After 10 Years of Food Blogging I Called it Quits - Here's Why
And why I chose to leave thousands of dollars behind
This is a long post, so it may be a better experience to read it in the Substack app, or you can listen to the embeded voiceover.
This is a story about self sabotage, of failure, of giving up, and of living a life tainted with regret.
It’s also a story about burn out, self doubt and imposter syndrome. It’s definitely not a story about success and happy endings.
But it’s also a story about forgiving oneself, of letting go, of finding faith, of finally accepting your true calling. It’s also a story of new beginnings, and a story of not giving up after you did give up. It’s a story about finding hope, and trusting yourself to begin again.
Let me be clear here, I’m not going to come out as a hero in this piece. In fact, I’m not even sure why I’m writing this piece. It may backfire big time, or it may simply paint me as the fool that I’ve been for so long.
But it may also resonate with regular people like me who went through similar circumstances, and perhaps give them a little bit of peace knowing that they aren’t alone in feeling this way. And perhaps that there is indeed light at the end of the tunnel.
Why would I talk about my failures on the internet? If I’m being honest, it’s mostly for selfish reasons such as finding closure and forgiving myself. Maybe I will complete this piece of writing, and keep it tucked in some folder on my laptop. Or maybe I’ll muster up the courage to put it out there, and perhaps shine light on a dark part of the internet that isn’t talked about often.
For years now, the internet has been selling us the possibility of having a certain lifestyle, of a freedom to live the way we want to. Using our passions to make money. However, that’s where things start to get murky. Are we really living the way we want, or are we at the mercy of the algorithm gods? Are we just mere puppets with our strings being pulled by the social media giants? Have we just become content creating machines?
Millions of people around the globe have achieved it. People stuck in 9 to 5 day jobs dream of moving to this type of career.
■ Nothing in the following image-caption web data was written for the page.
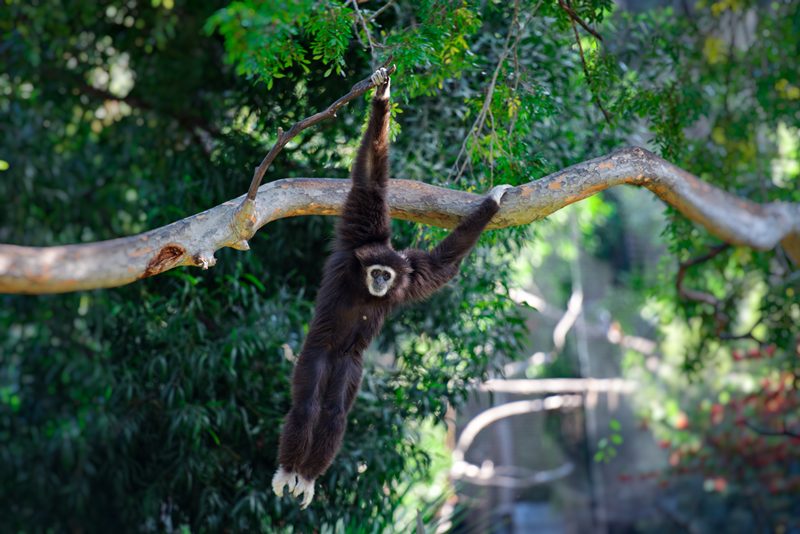 siamang-primate-hanging-from-tree-photo_843E.jpg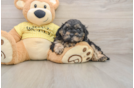 Happy Cavapoo Baby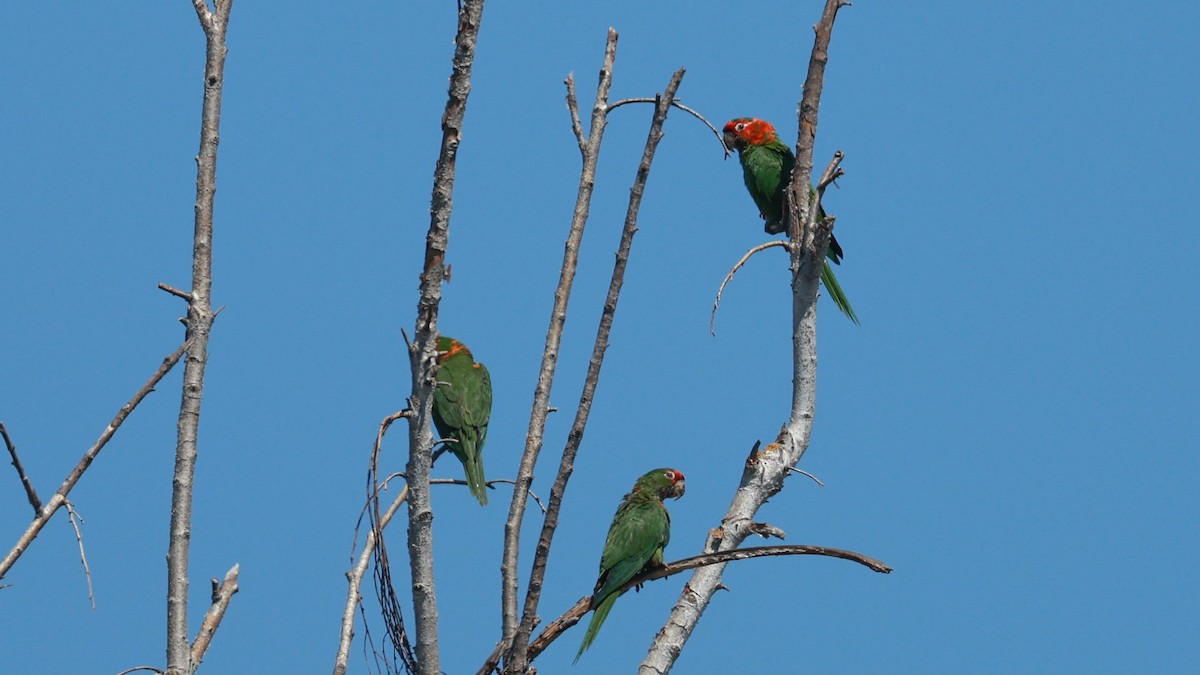 Aratinga Mitrada - ML642069357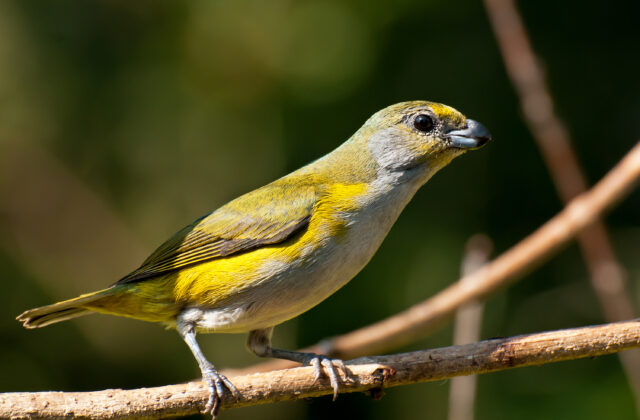 Green-chinned Euphonia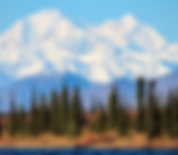 Screenshot (148).png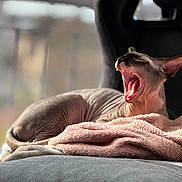 Ash joined the competition — help win amazing prizes! cat, sphynx_cat, hairless, yawning, pet, indoor, blanket, cushion, furniture, window, sunlight, relaxing, mouth_open, teeth, animal, mammal, domestic_animal, cozy, resting, pink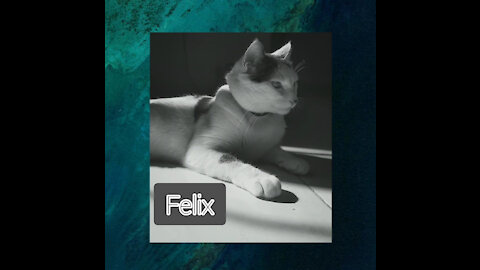 Relaxing time with "Felix" 😻 🐈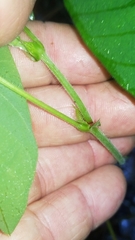 Desmodium canescens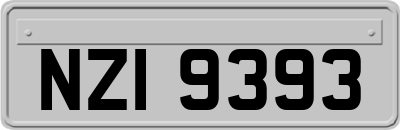 NZI9393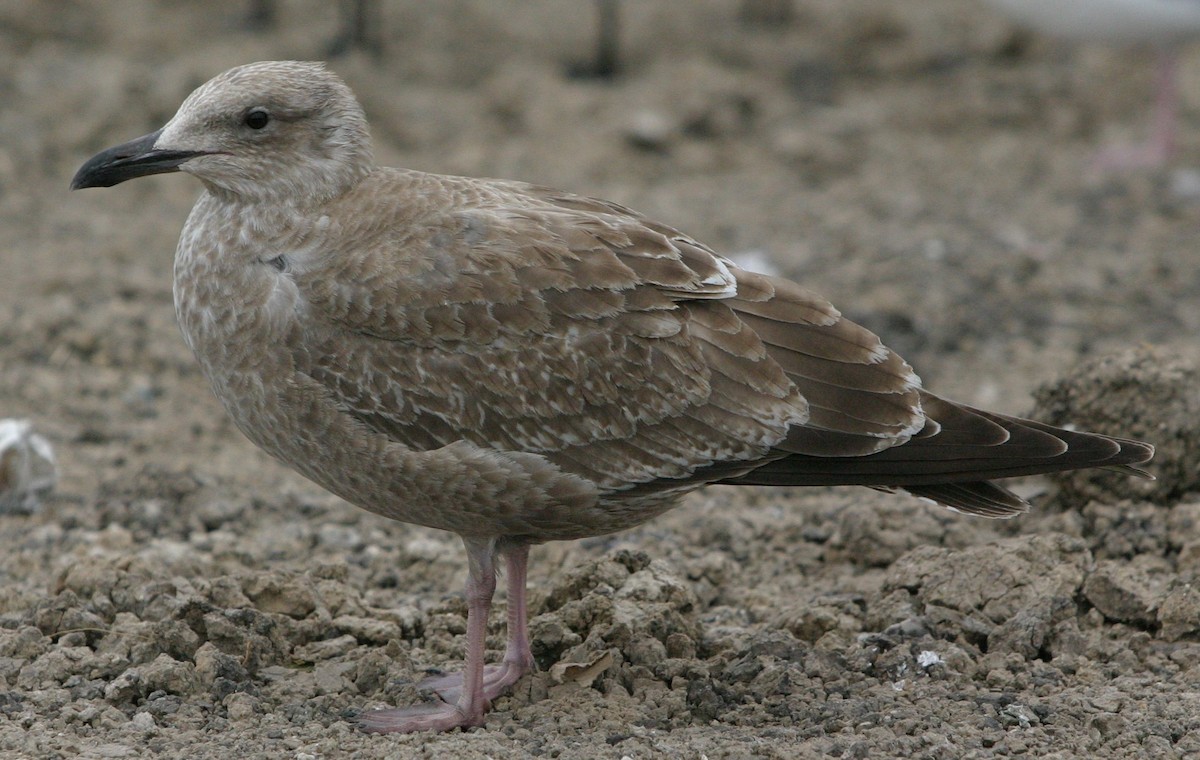 gull sp. - ML642819577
It’s like the shiny object that everyone wants to possess.
But I’m here to tell you about the dark part of this internet that we scroll past, google, and stream every single day. It seems innocent enough, watching people cook, entertain, and inform us. It’s all so inspiring right? But no one knows what goes on behind the scenes. No one really understands the pressure that comes with having an online career.
You see, I’m somebody who has seen both sides of the coin, and I want to talk about the struggles that online creators go through. I need to talk about it, so perhaps I can also find some peace.
But as with all stories, we must start at the beginning.
The Bright Beginning
I founded my food blog in the year 2015, after having spent months researching on how to run a food blog. I chose a catchy little name (I Knead to Eat), made a logo in Canva, and set up a wordpress site with Bluehost.
It was all very exciting. I didn’t think I could make actual money, I was just doing this for fun. If I made money it would be good, but if I didn’t I’d just keep my blog as a passion project.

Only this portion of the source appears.